Décembre 1967. Revenu de France, il constate la cupidité endémique dans son pays. Sa déception est grande. D’autant que, dans la patrie de Victor Hugo, il eut régulièrement le mal du pays. Seulement, l’amour du journalisme l’obligea à terminer son cursus, avant de revenir au bercail. A l’époque, étudier en France était synonyme de chance. Or les chances, dans la vie, il n’en y a pas beaucoup. Il faut apprendre à les honorer, lorsqu’elles se présentent. Passionné de littérature, bercé au romantisme, il chassera le cafard par la lecture. Lorsqu’il apprit sa date de retour, il exultait. Il espérait la joie de ceux qui reviennent. Il trouvera, hélas, le désenchantement. En effet, une semaine après son retour, le jeune homme eut la tristesse de constater l’ambiance des mariages forcés. Ce phénomène qui, sous prétexte de lutter contre la dépravation et perpétuer l’espèce, masque mal la vénalité de ses acteurs. Les filles sont vendues, littéralement, au plus offrant. Et ostensiblement. « L’amour ? Il viendra dans le foyer », dit-on cyniquement.
Diado Amadou – c’est de lui qu’il s’agit – est déçu. Mais, pas découragé. Il incarne la maxime : l’Homme est conçu pour ne rien lâcher. N’a-t-il pas bataillé, trimé pour mériter sa bourse ? Aux mariages forcés, il livrera une bataille. Son arme ? La littérature ! S’il aime les mots, et sait en jouer, il n’oublie pas l’essentiel. La littérature doit servir à quelque chose. Pour Diado, elle sera un moyen de combat. Il pense écrire. Fustiger le commerce honteux des jeunes filles. Mais, pour la concrétisation du projet, il y a du travail à mener. Désormais journaliste professionnel, Diado consacrera ses heures perdues à composer son texte. Il avait publié, par le passé, quelques articles de presse. A présent, il mettra les mains à la patte littéraire, la fiction.
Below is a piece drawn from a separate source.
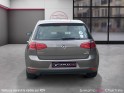 Volkswagen golf business 1.0 tsi 110 bluemotion technology trendline business occasion simplicicar chartres  simplicicar...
Durant des jours, il déploiera son génie créateur. Il connaîtra le doute, les appréhensions de la critique. On ne se mêle pas de l’écrivain, sans les affronter. Si le lecteur consomme, c’est parce que l’auteur se consume. Tout comme l’accouchement, en vérité, la création littéraire se fait dans la douleur, y compris psychologique. Mais, qu’à cela ne tienne ! Notre héros donnera le meilleur de lui-même. L’homme est conçu pour ne rien lâcher. Diado achève son projet. C’est une nouvelle. Elle exprime sa prise de position, intellectuelle et morale, contre le fléau des mariages forcées. Néamoins, l’auteur a des scrupules. Il estime son texte très perfectible pour être publié. Il le met au tiroir…
Entre temps, il poursuit sa carrière professionnelle. Avec brio et fulgurance. Jusqu’à devenir, rédacteur en chef du quotidien étatique, Le Niger ! Quel parcours ! Un soir, de Mars 1972, ses collaborateurs lui firent remarquer « un trou » dans le Journal ! Dans un premier temps, Diado envisage de combler ce trou par un vieil article. Il renonce. Sans doute, par conscience professionnelle. « Le Journal, c’est l’actualité. Un vieux texte est dépassé. Et puis, il ne faut pas gruger les lecteurs », a-t-il probablement estimé. Ensuite, il pense faire une interview. Mais, il se fait tard. Et puis, qui interviewer à l’improviste ? A quel sujet ? Diado se trouve dans l’impasse. Pour combler le trou, il sort – un peu malgré lui-, son manuscrit poussiéreux. Le texte fut saisi, sans aucune relecture. Le temps n’offrait pas ce luxe. D’autant que, l’imprimeur s’impatientait.
Au matin du 27 Mars 1972, le public découvre dans les colonnes du Niger « Maïmou ou le Drame de l’amour «. Les lecteurs s’en sont délectés. Certains seront à ce point enchantés, qu’ils contacteront Diado pour le féliciter. Et lui demander de continuer.